System Monitoring Practices

This document outlines the Systems Administration team's practices for the default monitoring parameters and expectations of servers we administer.

  • Overview
    • Systems Administration Responsibilities
    • Customer Responsibilities
      • Oncall for alerts
      • Thresholds
      • Filesystems / partitions
      • Application tests
  • Default monitoring Parameters
  • Changing the defaults
  • Email with Critical alerts and warnings

Overview

As a new server is added to the server farm, Systems Administration will add the system to our monitoring services to be monitored both by the NOC, and the systems administrators. By default, Systems monitors the basic functionality of the base operating system. Our standard practice is to delegate responsibility for application level filesystems and application tests to the service owner.

Systems Administration Responsibilities

Systems will set up default monitoring for the following:

  • Disk space availability and utilization (for OS related filesystems/partitions)
  • CPU utilization
  • Network connectivity and utilization
  • Memory utilization

Our monitoring thresholds for these are established to the defaults as described below.
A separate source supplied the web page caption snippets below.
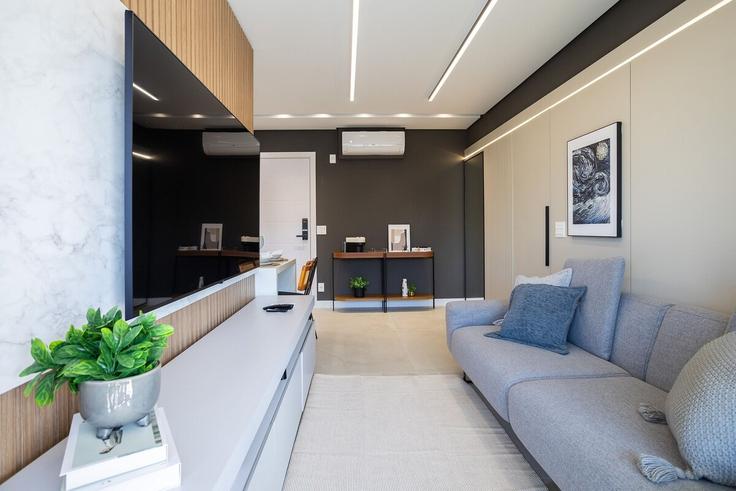 Sala de estar elegantemente projetada com móveis modernos em um apartamento no Building Rua São Manuel - conviva-stay - 1539095 em Pinheiros, São Paulo Sala de estar elegantemente projetada com móveis modernos em um apartamento no Building Rua São Manuel - conviva-stay - 1539095 em Pinheiros, São Paulo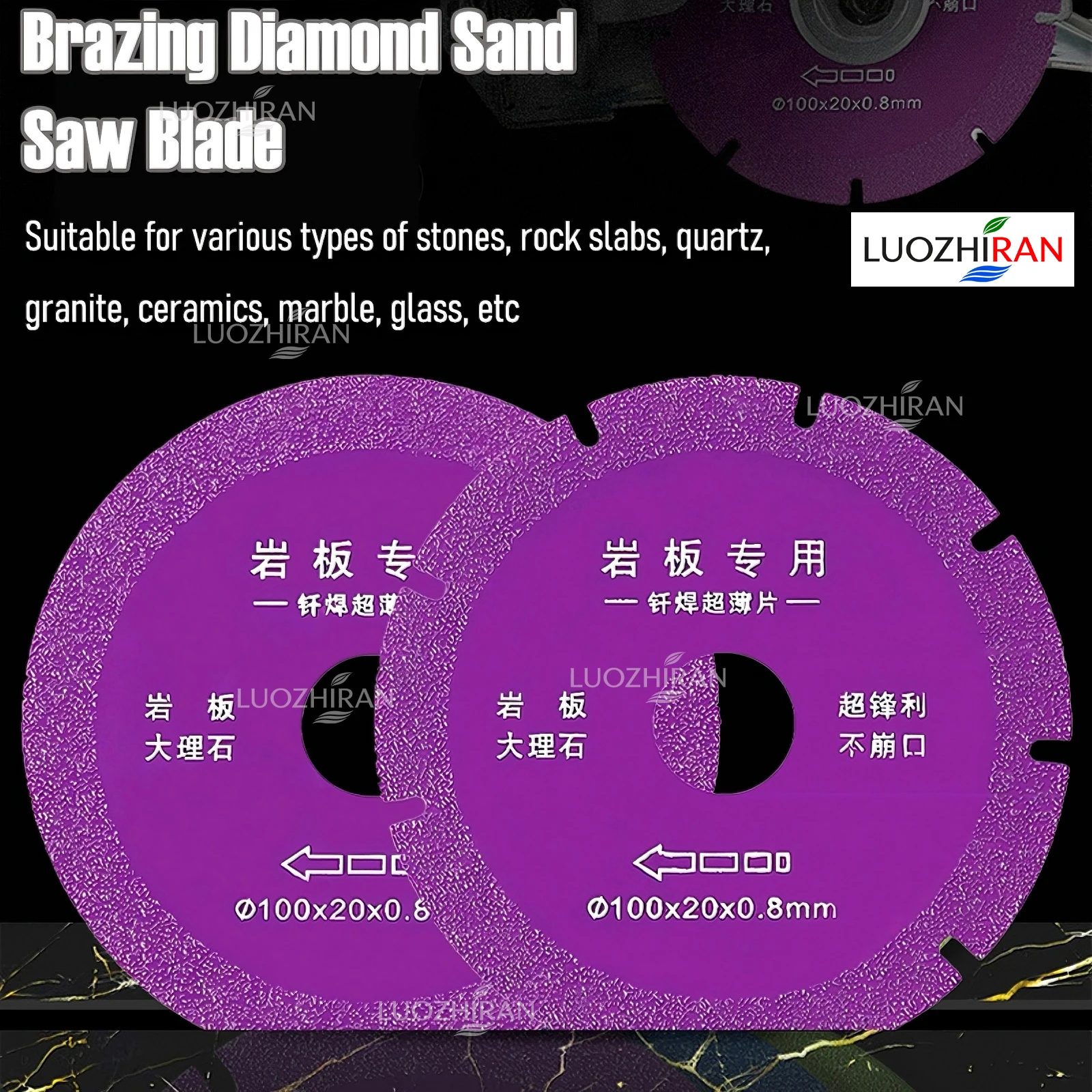 0.8mm Ultra Thin Diamond Cutting Disc 4″ Brazed Saw Blade for Ceramic Tile Marble Granite Glass Stone Angle Grinder Accessories
0.8mm Ultra Thin Diamond Cutting Disc 4″ Brazed Saw Blade for Ceramic Tile Marble Granite Glass Stone Angle Grinder Accessories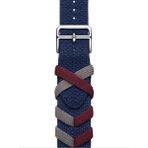 Psgt El Yapımı Kayış Apple Saat Uyumlu BANDI42-44-45-49MM Örgülü Saat Kayışı Hms 2024 - Bordo - Gri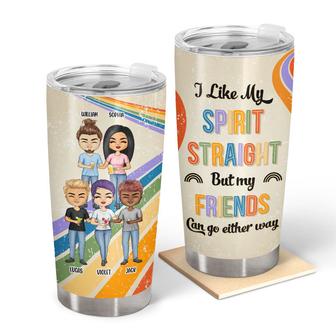 I Like Whiskey Straight Custom Tumbler - Gift for Bestie - Thegiftio UK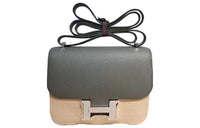 HERMES Constance Epsom Leather Shoulder Bag Crossbody Bag Mini Women's Almond Green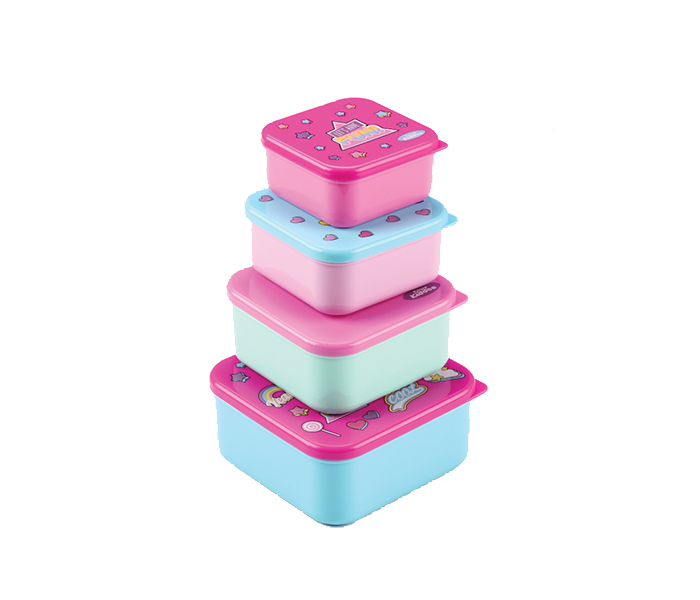 Smily Kiddos SK13001002 4-in-1 Multi Purpose Squad Container - Pink - Zoom Image 1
In the event of an alert for any of these tests, the NOC will contact the oncall Systems Administrator for assistance.

Customer Responsibilities

Oncall for alerts

We expect our customers to establish "oncall" information for their application if they require application level monitoring. The NOC will use this oncall information (oncall rotation if desired) to contact application support personnel in the event of an alert.

Thresholds

Any tests added for application owner will have alert thresholds which can be tuned either by the customer, or with the assistance of Systems Administration.

Filesystems / partitions

As a new system is created, Systems will set up monitoring for application level filesystems/partitions. We will work with the customer to establish reasonable monitoring thresholds.

Application tests

Application level tests (such as Web server tests) can be set up with the assistance of Systems Administration. The alerts for these tests will be directed to the application owner oncall lists, as established above.

Default monitoring Parameters

Thresholds for the various tests will vary, depending on the test. Most tests are configured so that they do not alert on the very first failure. Occasionally glitches in monitoring can cause false positives. By default, most test are set up to poll every 10 minutes, and alert after two failures. This means that it can be up to 20 minutes between a failure, and the first alert sent to the NOC.

Changing the defaults

Thresholds for both system level and application level tests can be adjusted based on the needs of the service.

Email with Critical alerts and warnings

Our monitoring software maintains different thresholds for tests to generate warnings and critical alerts. Emails can be generated for either or both. We recommend that service owners receive warnings as well as critical alerts, so that warnings may be caught during routine business hours.